Short text fragments from websites

____________________

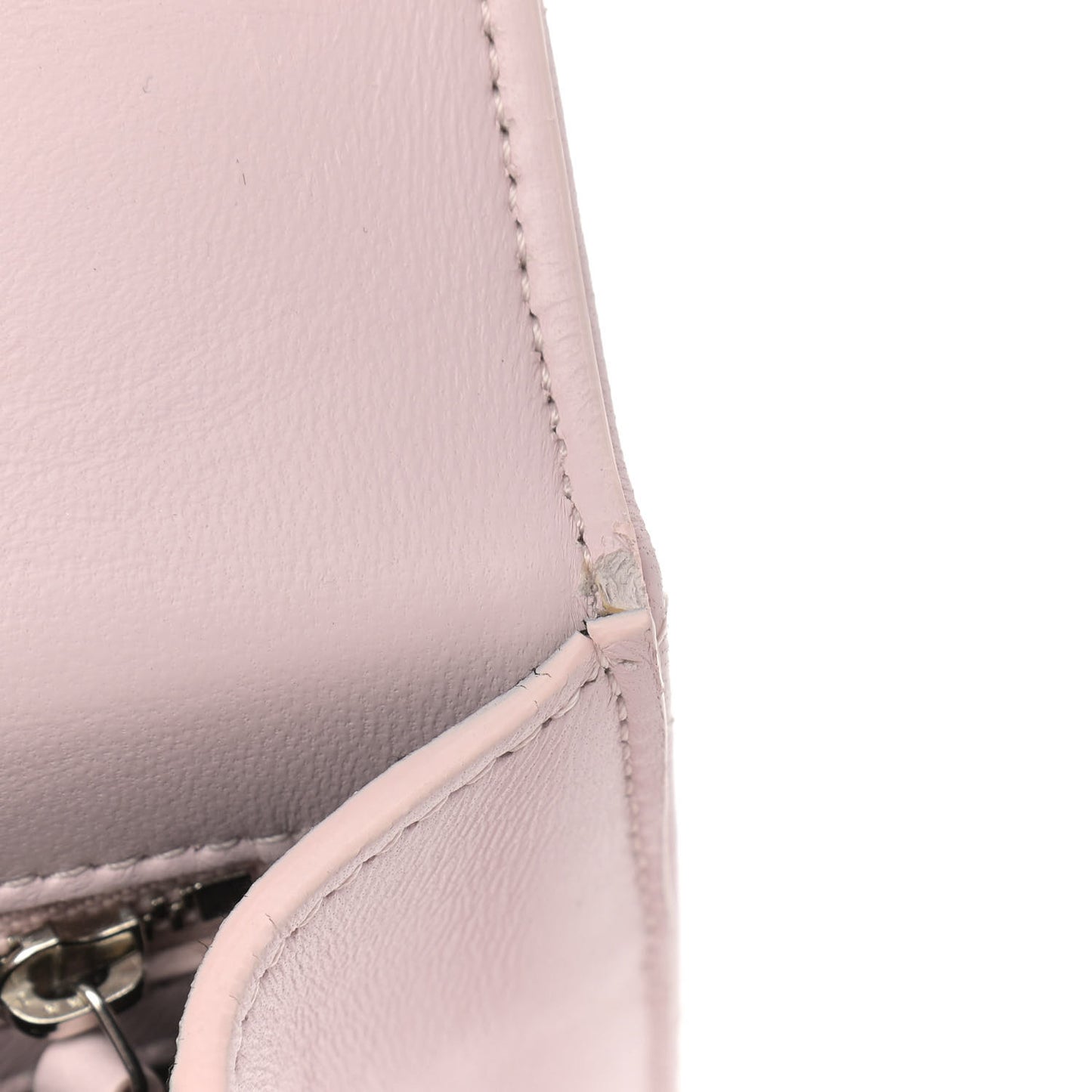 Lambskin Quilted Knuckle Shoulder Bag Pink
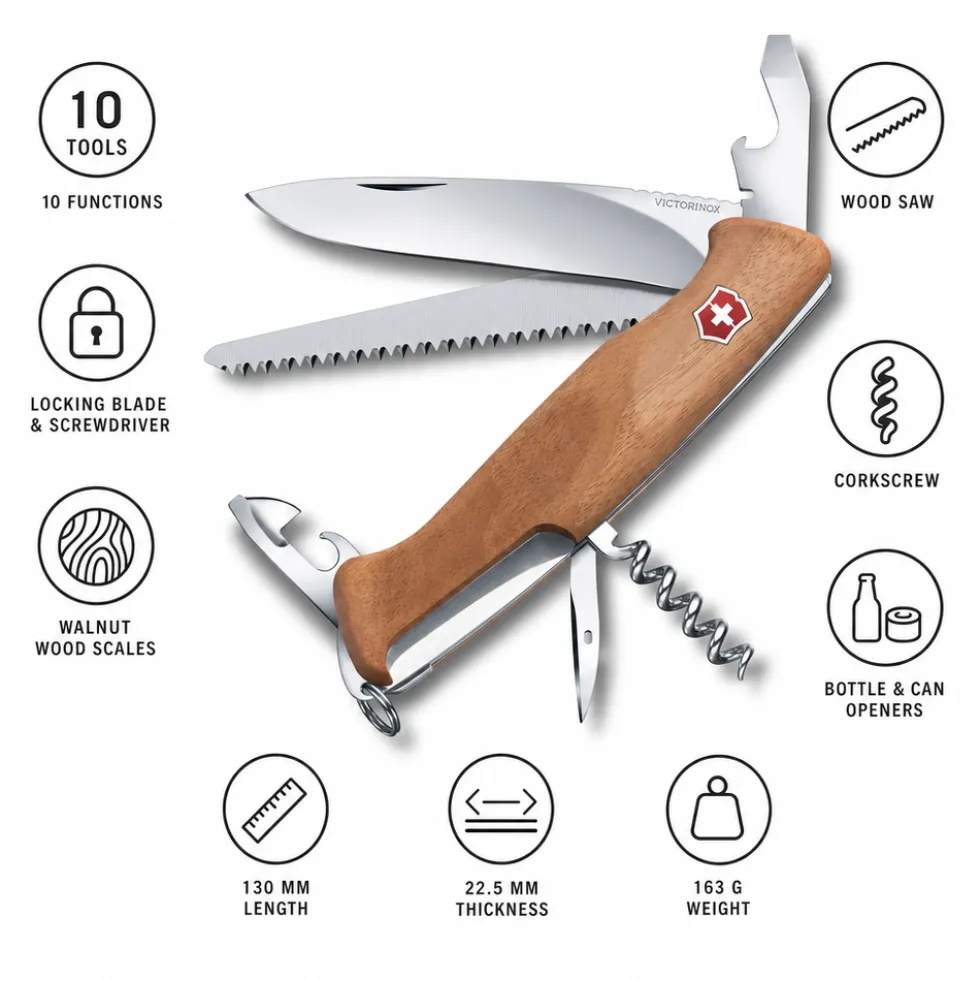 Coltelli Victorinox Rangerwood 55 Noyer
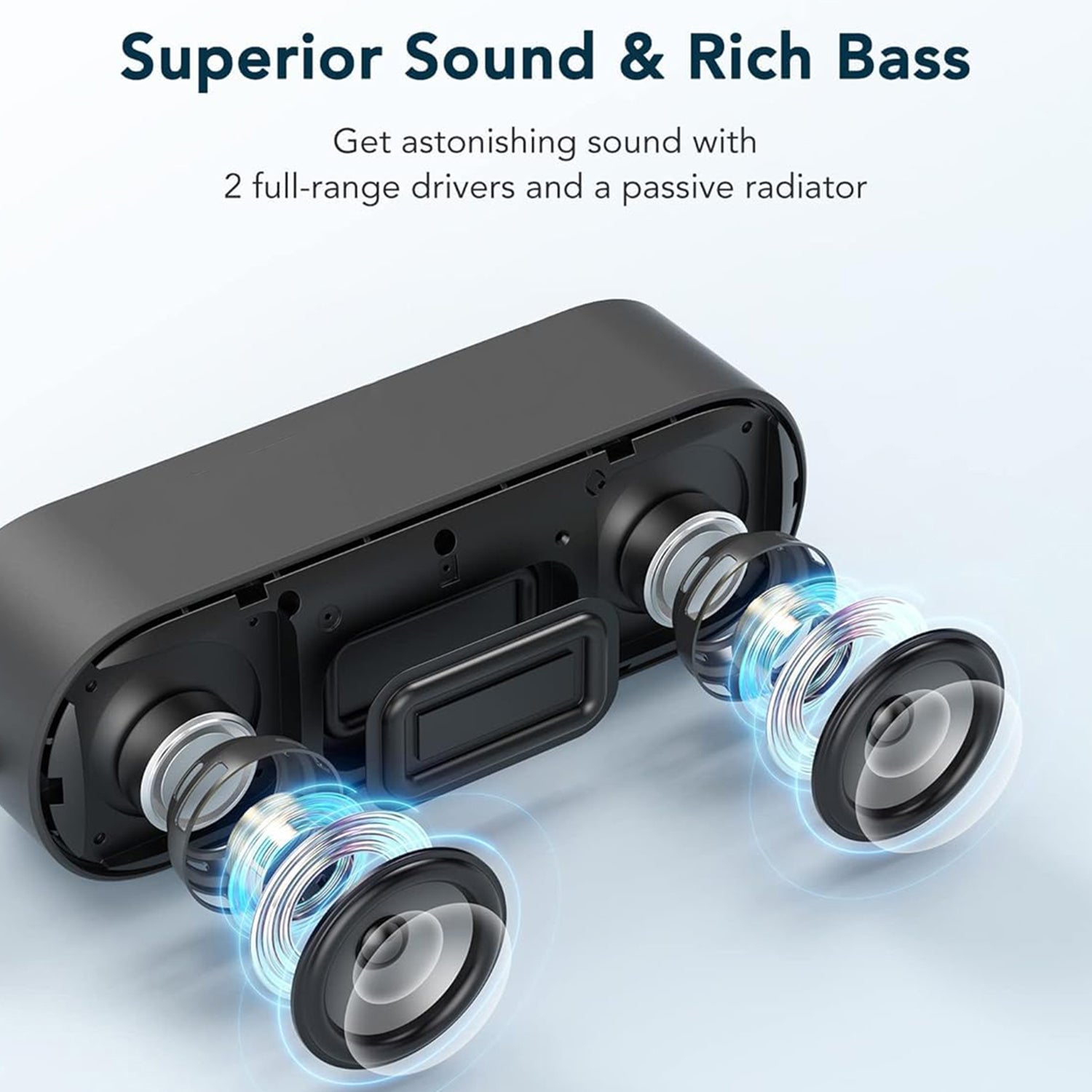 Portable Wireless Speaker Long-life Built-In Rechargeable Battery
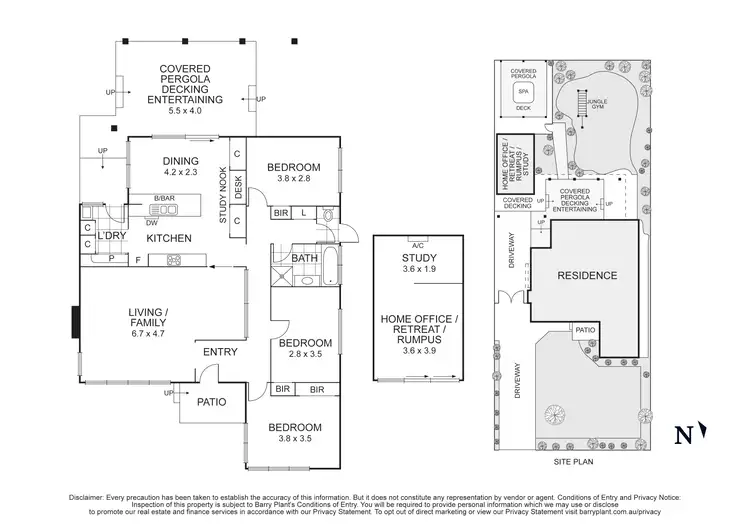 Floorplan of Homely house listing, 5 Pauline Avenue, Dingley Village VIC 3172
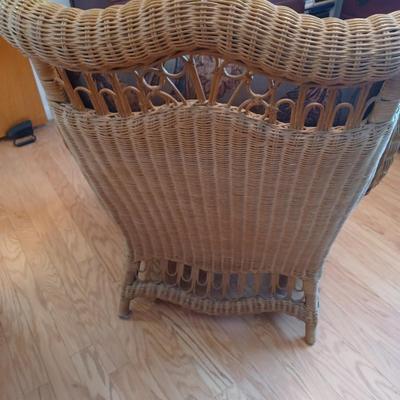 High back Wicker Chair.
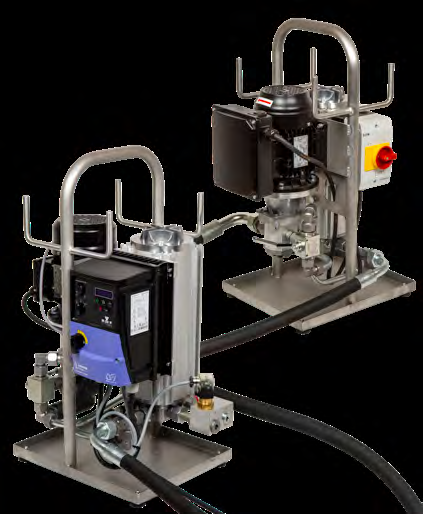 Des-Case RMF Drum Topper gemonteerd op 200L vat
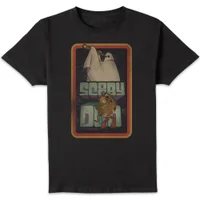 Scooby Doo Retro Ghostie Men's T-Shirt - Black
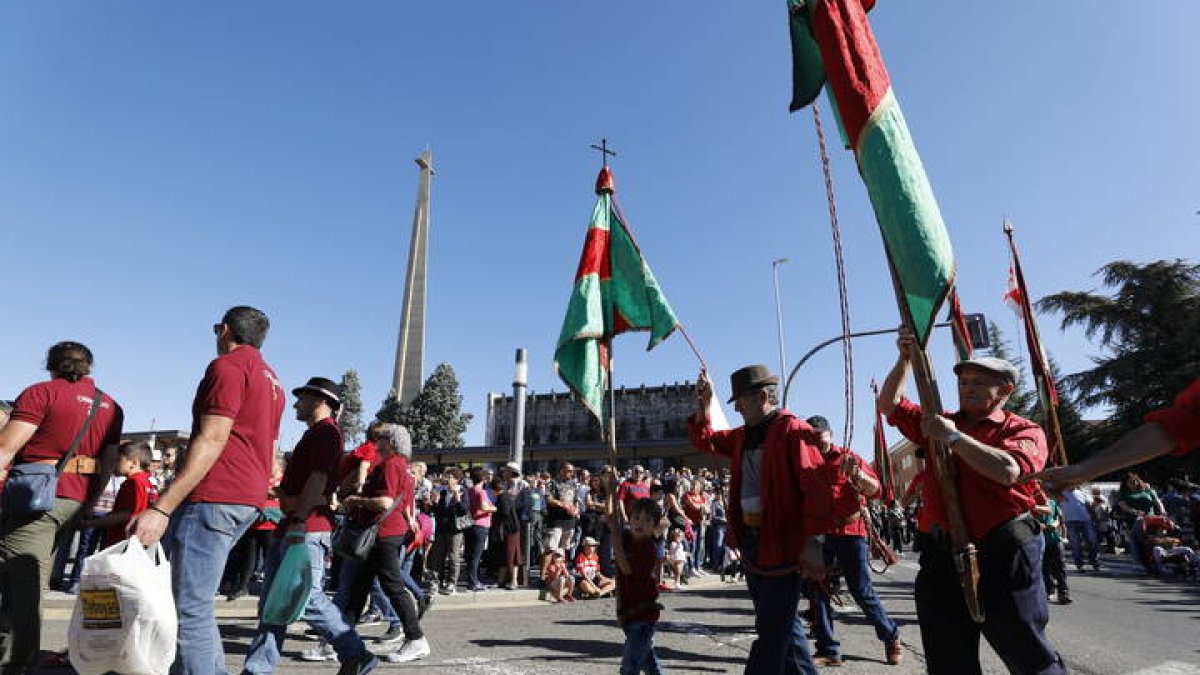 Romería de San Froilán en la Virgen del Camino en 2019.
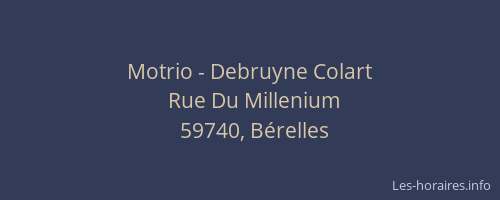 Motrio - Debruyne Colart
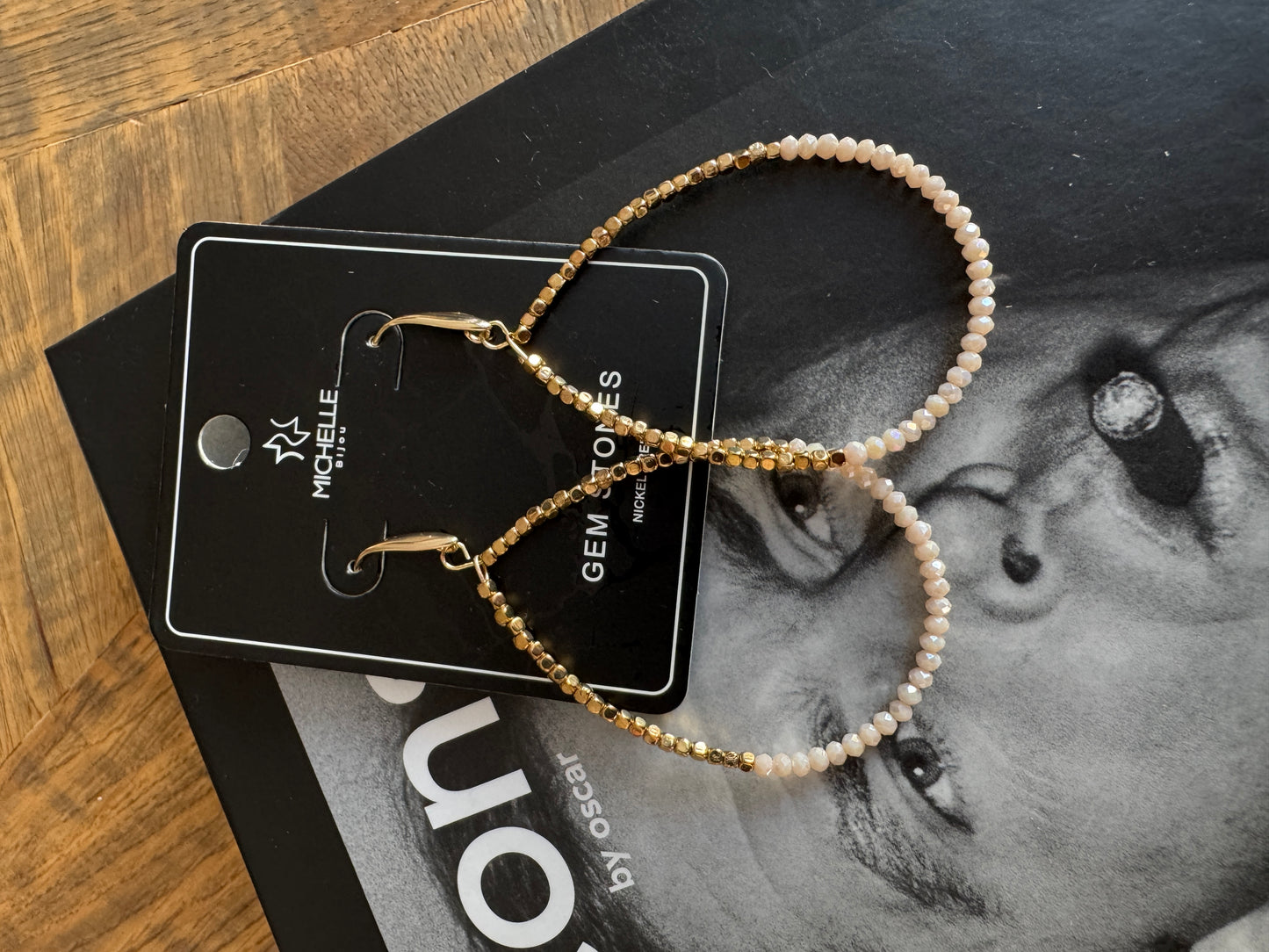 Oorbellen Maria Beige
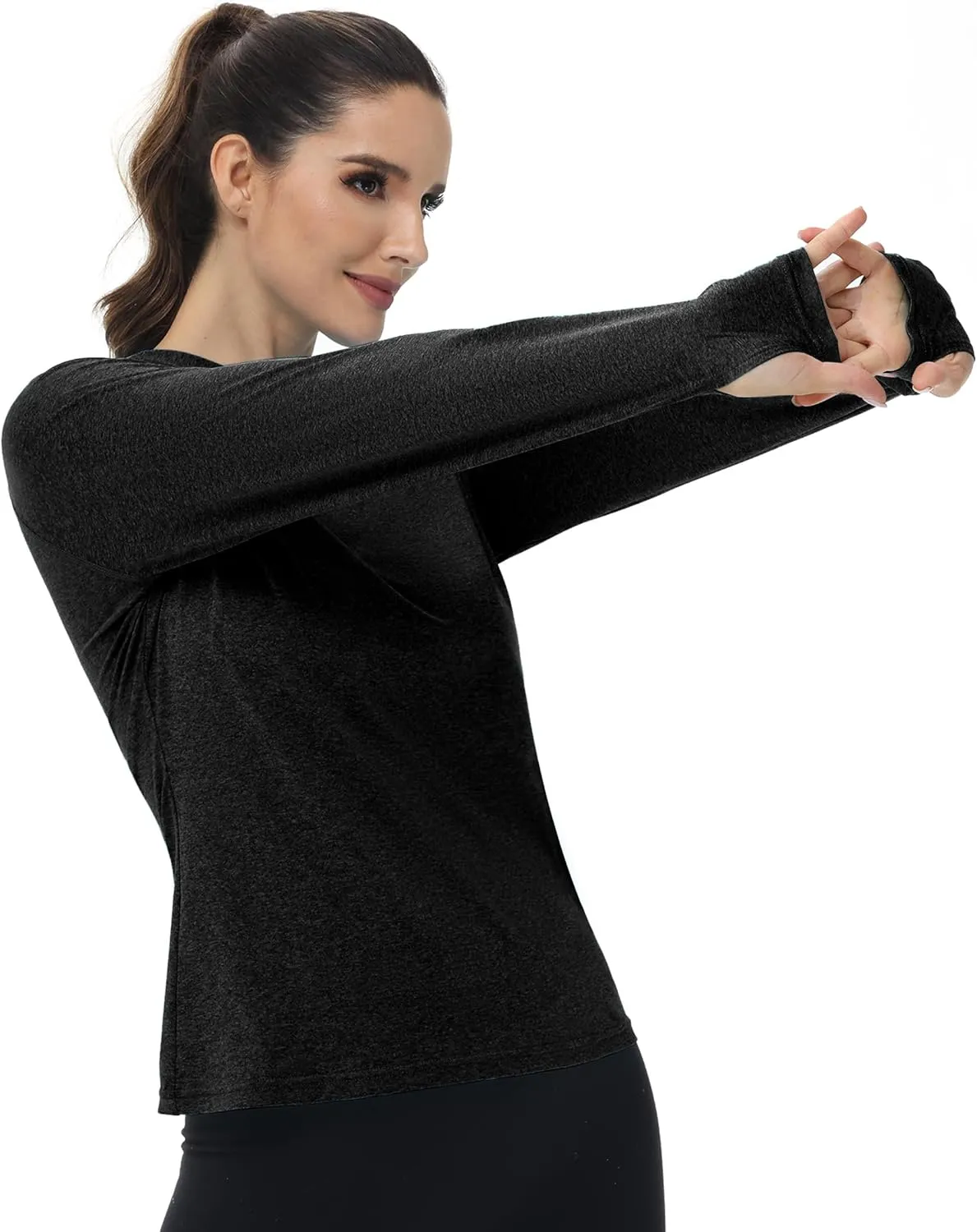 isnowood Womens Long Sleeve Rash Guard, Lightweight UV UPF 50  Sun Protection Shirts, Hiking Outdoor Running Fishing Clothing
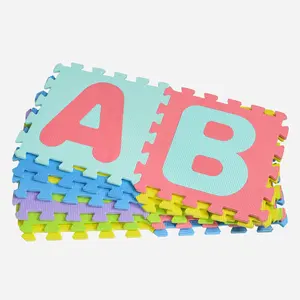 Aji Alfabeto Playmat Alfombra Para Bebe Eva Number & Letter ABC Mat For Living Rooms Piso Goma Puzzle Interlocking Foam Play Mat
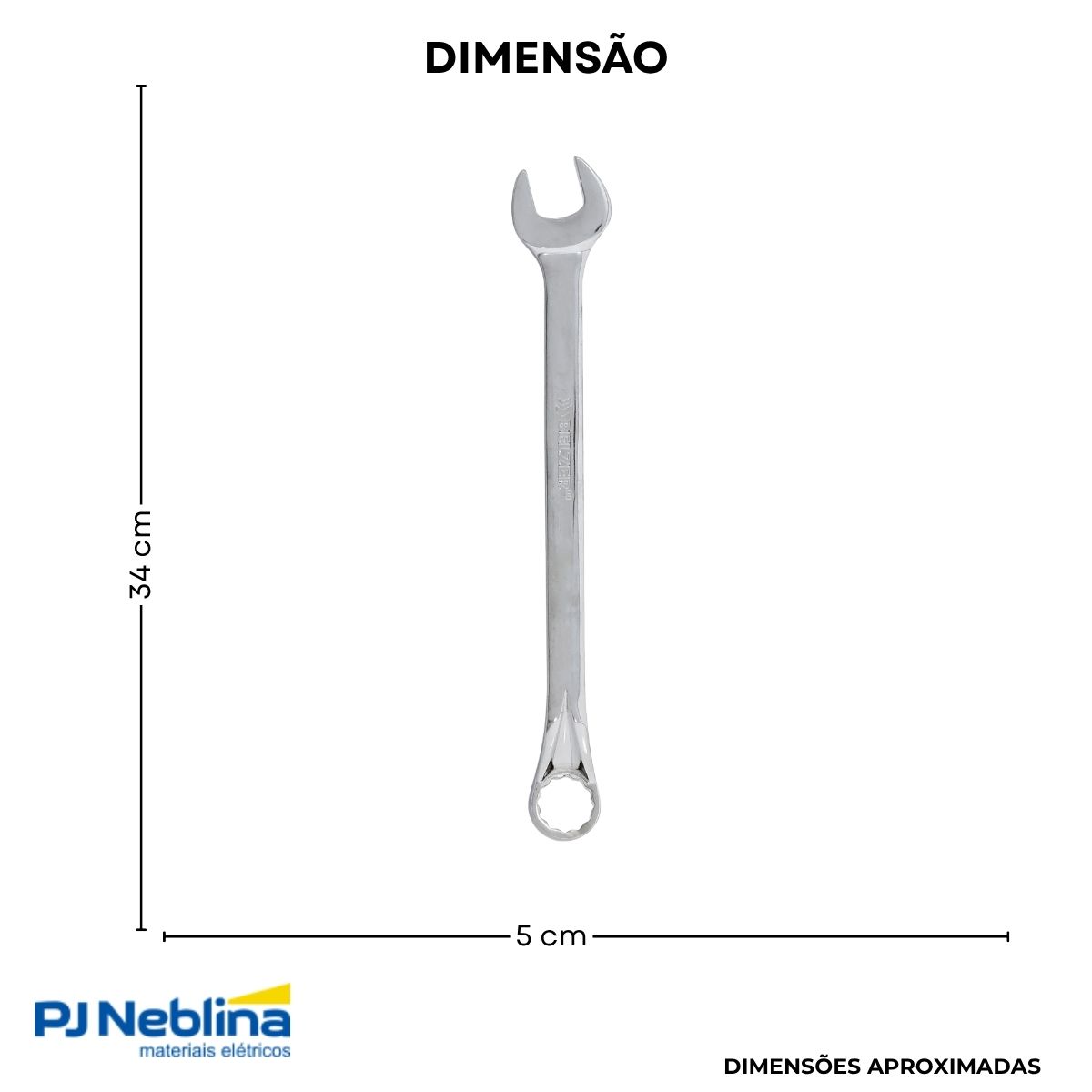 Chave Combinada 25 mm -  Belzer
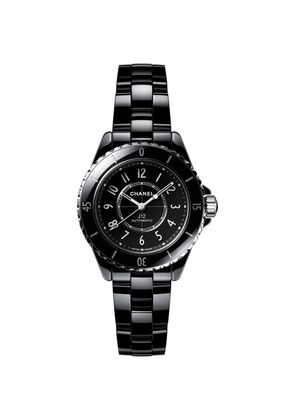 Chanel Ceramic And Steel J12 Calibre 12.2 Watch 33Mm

____________________

▶ [Assignment]
Copy every record exactly as written, leaving out the pictures.

▶ [Response area]
 Lambskin Quilted Knuckle Shoulder Bag Pink
 Coltelli Victorinox Rangerwood 55 Noyer
 Portable Wireless Speaker Long-life Built-In Rechargeable Battery
 Floorplan of Homely house listing, 5 Pauline Avenue, Dingley Village VIC 3172
 High back Wicker Chair.
 Des-Case RMF Drum Topper gemonteerd op 200L vat
 Scooby Doo Retro Ghostie Men's T-Shirt - Black
 Romería de San Froilán en la Virgen del Camino en 2019.
 Motrio - Debruyne Colart
 Oorbellen Maria Beige
 isnowood Womens Long Sleeve Rash Guard, Lightweight UV UPF 50  Sun Protection Shirts, Hiking Outdoor Running Fishing Clothing
 Aji Alfabeto Playmat Alfombra Para Bebe Eva Number & Letter ABC Mat For Living Rooms Piso Goma Puzzle Interlocking Foam Play Mat
 Chave Combinada 25 mm -  Belzer
 Chanel Ceramic And Steel J12 Calibre 12.2 Watch 33Mm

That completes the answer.